Russia and Uzbekistan last month held their first joint military exercises. Russian energy firms Gazprom and LUKoil have signed on to hundreds of millions of dollars in long-term investments in Uzbekistan.
To Russian foreign-policy strategist Aleksandr Dugin, this marks a rightful return of Russian influence to the region after the U.S. establishment of bases in 2001.
Dugin is a leading exponent of the "Eurasianist" approach to Russian foreign policy and has close ties with the Russian security establishment. He told RFE/RL that the "people power" revolutions in Georgia and Ukraine, seen as instigated by Washington, alarmed Russian foreign-policy circles. Those events, he said, effectively ended Russian-U.S. cooperation in Central Asia.
"After the events of the 'colored' revolutions in Georgia and in Ukraine, above all after the Orange Revolution in Ukraine, there are [no longer] any doubts in the political class as a whole concerning [the] contradiction -- basic contradiction -- of interests between the United States and Russia," Dugin told RFE/RL.
The U.S. administration has downplayed talk of competition with Russia in the region. But top U.S. officials have made a series of visits to Central Asia in the months since the Uzbek decision to evict the United States, promoting democracy and pointing to ongoing efforts to stabilize Afghanistan.
Secretary of State Condoleezza Rice was the most recent, visiting Afghanistan, Kyrgyzstan, Kazakhstan, and Tajikistan on 10-13 October.
U.S. Assistant Secretary of State Daniel Fried told RFE/RL the objectives Rice will be highlighting should be shared by Russia as well. "Stability comes ultimately from the legitimacy which is derived from democracy," he said. "If the Russians want stability -- and it certainly would seem to be in their interest -- they ought to support reform but again I'm not going to speak to Russian priorities. They can do that for themselves."
Fried also rejected the call made by Russia and others in the Shanghai Cooperation Organization to wind down the U.S. military presence. The group's communique in July suggested there was declining need for combat operations against the Taliban.
"There are good reasons to have these bases in the region which are supporting the efforts in Afghanistan, which surely serve the interests of the countries themselves and, if you think about it, serve Russian interests because the Russians also face a [terrorism] problem," Fried told RFE/RL.
Force For The Status Quo
But from Russia's standpoint, stability may mean maintaining the current authoritarian leadership in the region, ensuring business and other ties that will not upset the status quo.
That's the view of Kimberly Marten, a political science professor at Barnard College, Columbia University in New York. She told RFE/RL that in the current great power competition for influence in the region, Russia and China have an edge.
"If you want to look at it in 'Great Game' terms, the United States doesn't have the ability to compete against Russia and China in that kind of a Great Game because its domestic political culture and circumstances require it to pay attention to human rights and economic transparency in a way that Russia and China don't have to do," Marten said.
Playing Off Both Sides
A number of analysts see Uzbekistan as shrewdly balancing the needs of big powers to strengthen the regime's control.

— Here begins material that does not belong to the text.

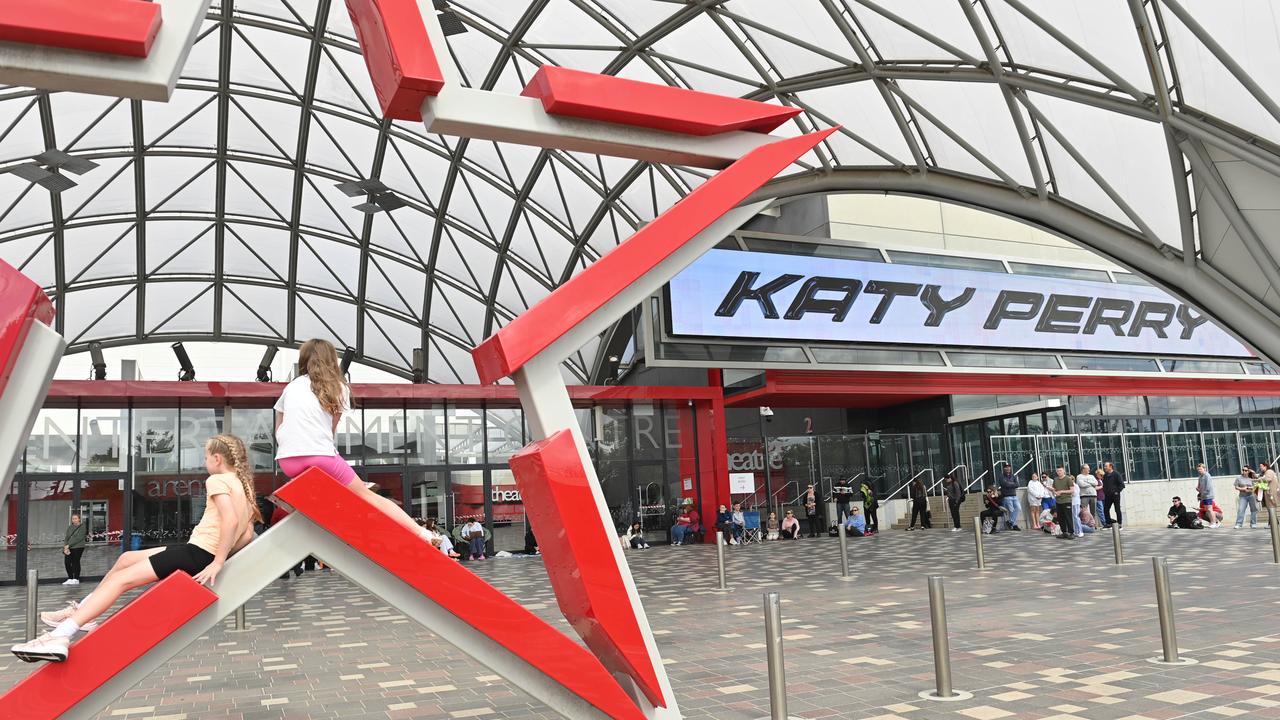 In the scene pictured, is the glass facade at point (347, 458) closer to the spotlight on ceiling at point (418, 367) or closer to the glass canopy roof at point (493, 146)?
the spotlight on ceiling at point (418, 367)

Kyrgyzstan, home to both U.S. and Russian bases, has also proven adept at balancing off big-country interests.
The new government of President Kurmanbek Bakiev has assured the United States it can continue to use the air base at Manas but suggested Washington pay more for it. At the same time, Russia reaffirmed its long-term interest in maintaining a base at Kant, accompanied by millions of dollars in military aid to Kyrgyzstan.
Russia has also asserted a clear business presence in Kyrgyzstan. David Mikosz is a top official in Kyrgyzstan for the International Foundation for Election Systems, a nongovernmental organization that manages projects in civil-society development in Kyrgyzstan.
"People recognize that Russia has a lot more common interests, I think, in the economy. The United States is more interested, it seems, in cultural activities, the number of exchange programs, the American University [in Bishkek], those sort of things," Mikosz told RFE/RL.
Kazakhstan is another state in the region balancing a multidirectional foreign policy. President Nursultan Nazarbaev, who is up for reelection in December, recently affirmed Kazakhstan's intention to campaign for the chairmanship of the Organization for Security and Cooperation in Europe in 2009. He defined as priorities cooperation with Russia, China, the United States, and the European Union.